Der Rechtsanwalt bezieht sich im Antrag an den VfGH auf Paragraf 23h des Bankwesengesetzes (BWG), in dem die Voraussetzungen für „Maßnahmen zur Begrenzung systemischer Risiken aus Fremdkapitalfinanzierungen von Immobilien” festgeschrieben sind. Und er argumentiert in seinem jüngsten Schriftsatz von Freitag, dass es in Österreich im Sinne dieser Gesetzesvorschrift „zu keinem Zeitpunkt ein systemisches Risiko durch Kredite für die Anschaffung von Immobilien gab und es auch derzeit keines gibt”.

Aufseher wollen Immobilienkrise verhindern 

Die OeNB sieht das in ihrer 20-seitigen Stellungnahme an den VfGH genau andersrum. Sie habe ihre Systemrisikoanalyse mit den neuen Daten etwa zu Hauspreisreduktionen, starker Erhöhung des Leitzinssatzes oder schlechterer realer Einkommensentwicklung aktualisiert, wie sie schreibt.

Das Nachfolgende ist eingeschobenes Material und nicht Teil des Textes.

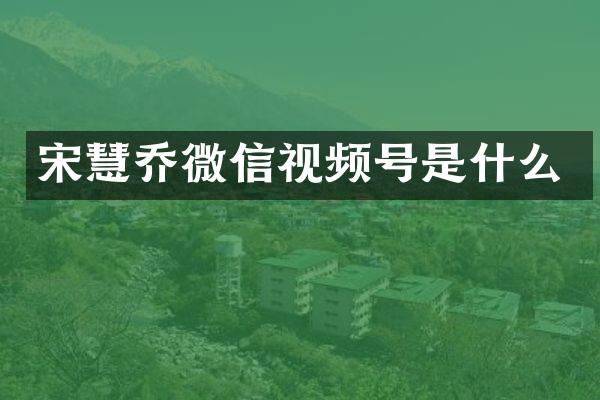 宋慧乔微信视频号是什么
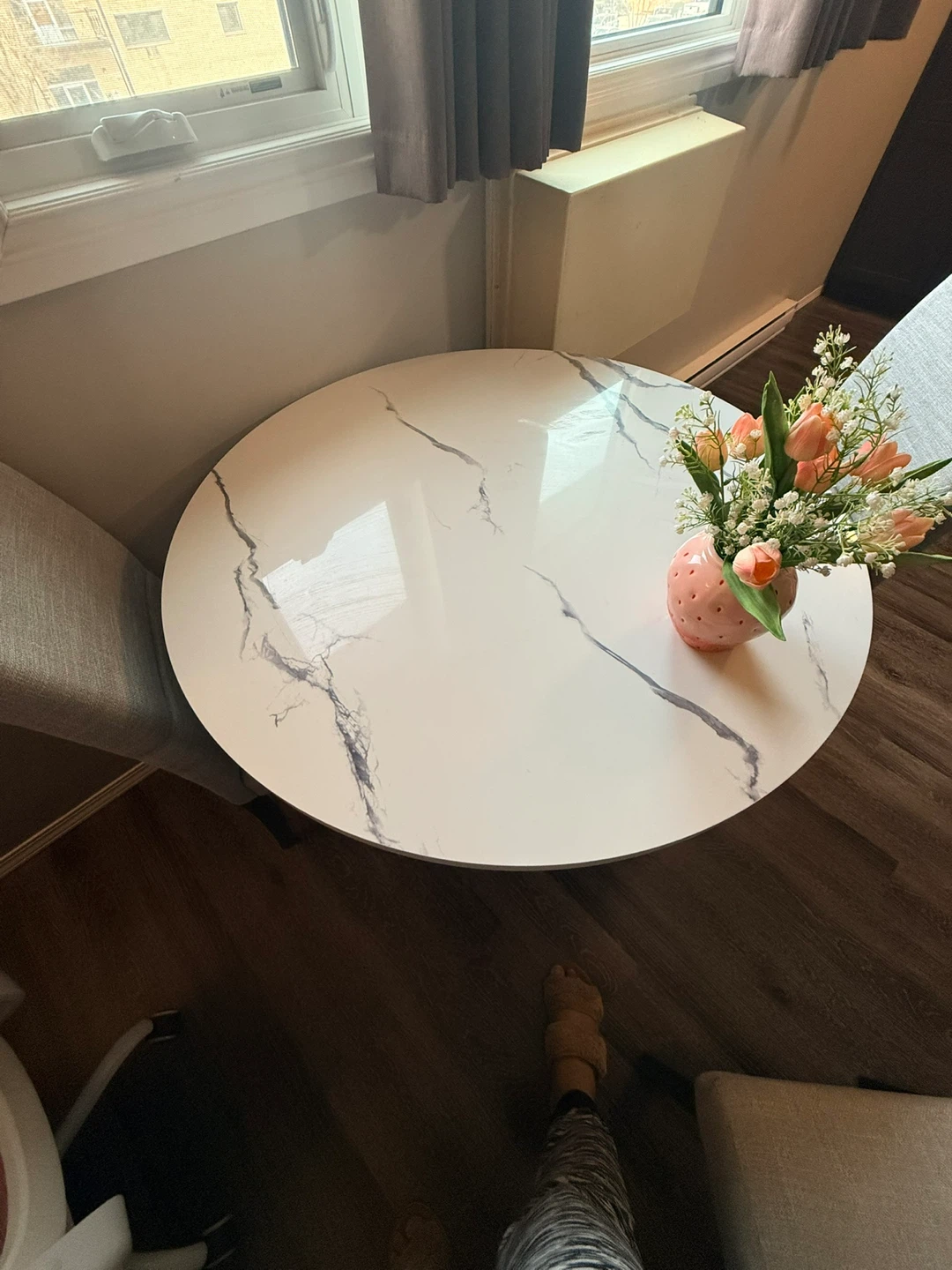 Round Marble-Look Dining Table and 4 Chairs Set - photo 5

Der Fokus der Maßnahmen liege auf einer Reduktion der Risiken bei den Neukrediten – und da senke die KIM-VO unter den neuen wirtschaftlichen Bedingungen die Ausfallswahrscheinlichkeit von Krediten ab. Sie „reduziert also die Wahrscheinlichkeit einer Immobilienkrise in Österreich, die zu hohen Verlusten für das Bankensystem, hohen Kosten für öffentliche Haushalte und hohen sozialen Kosten führen würde”.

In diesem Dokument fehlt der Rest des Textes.